======== EXERCISE DATA ========

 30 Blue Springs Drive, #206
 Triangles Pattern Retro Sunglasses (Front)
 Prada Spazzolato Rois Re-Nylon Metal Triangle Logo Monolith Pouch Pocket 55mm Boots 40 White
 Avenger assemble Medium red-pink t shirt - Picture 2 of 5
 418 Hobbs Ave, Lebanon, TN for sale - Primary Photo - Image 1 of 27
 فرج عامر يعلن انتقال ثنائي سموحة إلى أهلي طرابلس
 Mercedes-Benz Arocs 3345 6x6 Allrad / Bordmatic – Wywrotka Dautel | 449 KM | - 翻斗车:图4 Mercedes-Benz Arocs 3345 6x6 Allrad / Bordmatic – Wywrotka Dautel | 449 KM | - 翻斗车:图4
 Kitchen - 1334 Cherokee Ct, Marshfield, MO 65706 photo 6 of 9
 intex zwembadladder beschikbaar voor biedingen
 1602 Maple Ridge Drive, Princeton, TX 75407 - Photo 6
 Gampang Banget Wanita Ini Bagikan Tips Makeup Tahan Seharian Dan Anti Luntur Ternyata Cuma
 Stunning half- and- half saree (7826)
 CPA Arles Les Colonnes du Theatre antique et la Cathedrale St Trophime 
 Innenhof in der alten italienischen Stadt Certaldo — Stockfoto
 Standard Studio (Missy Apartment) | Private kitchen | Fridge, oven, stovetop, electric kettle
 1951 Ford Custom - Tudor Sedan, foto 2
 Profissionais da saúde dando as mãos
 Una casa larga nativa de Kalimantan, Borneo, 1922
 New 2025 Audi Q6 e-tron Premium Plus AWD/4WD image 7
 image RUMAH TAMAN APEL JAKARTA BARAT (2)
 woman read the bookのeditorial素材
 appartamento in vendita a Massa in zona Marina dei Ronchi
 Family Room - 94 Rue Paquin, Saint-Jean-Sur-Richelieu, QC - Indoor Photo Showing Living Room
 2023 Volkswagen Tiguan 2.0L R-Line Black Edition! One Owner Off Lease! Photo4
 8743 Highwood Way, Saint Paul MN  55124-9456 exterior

========

TASK PROMPT:
A verbatim copy of every entry is needed.

THE ANSWER:
 30 Blue Springs Drive, #206
 Triangles Pattern Retro Sunglasses (Front)
 Prada Spazzolato Rois Re-Nylon Metal Triangle Logo Monolith Pouch Pocket 55mm Boots 40 White
 Avenger assemble Medium red-pink t shirt - Picture 2 of 5
 418 Hobbs Ave, Lebanon, TN for sale - Primary Photo - Image 1 of 27
 فرج عامر يعلن انتقال ثنائي سموحة إلى أهلي طرابلس
 Mercedes-Benz Arocs 3345 6x6 Allrad / Bordmatic – Wywrotka Dautel | 449 KM | - 翻斗车:图4 Mercedes-Benz Arocs 3345 6x6 Allrad / Bordmatic – Wywrotka Dautel | 449 KM | - 翻斗车:图4
 Kitchen - 1334 Cherokee Ct, Marshfield, MO 65706 photo 6 of 9
 intex zwembadladder beschikbaar voor biedingen
 1602 Maple Ridge Drive, Princeton, TX 75407 - Photo 6
 Gampang Banget Wanita Ini Bagikan Tips Makeup Tahan Seharian Dan Anti Luntur Ternyata Cuma
 Stunning half- and- half saree (7826)
 CPA Arles Les Colonnes du Theatre antique et la Cathedrale St Trophime 
 Innenhof in der alten italienischen Stadt Certaldo — Stockfoto
 Standard Studio (Missy Apartment) | Private kitchen | Fridge, oven, stovetop, electric kettle
 1951 Ford Custom - Tudor Sedan, foto 2
 Profissionais da saúde dando as mãos
 Una casa larga nativa de Kalimantan, Borneo, 1922
 New 2025 Audi Q6 e-tron Premium Plus AWD/4WD image 7
 image RUMAH TAMAN APEL JAKARTA BARAT (2)
 woman read the bookのeditorial素材
 appartamento in vendita a Massa in zona Marina dei Ronchi
 Family Room - 94 Rue Paquin, Saint-Jean-Sur-Richelieu, QC - Indoor Photo Showing Living Room
 2023 Volkswagen Tiguan 2.0L R-Line Black Edition! One Owner Off Lease! Photo4
 8743 Highwood Way, Saint Paul MN  55124-9456 exterior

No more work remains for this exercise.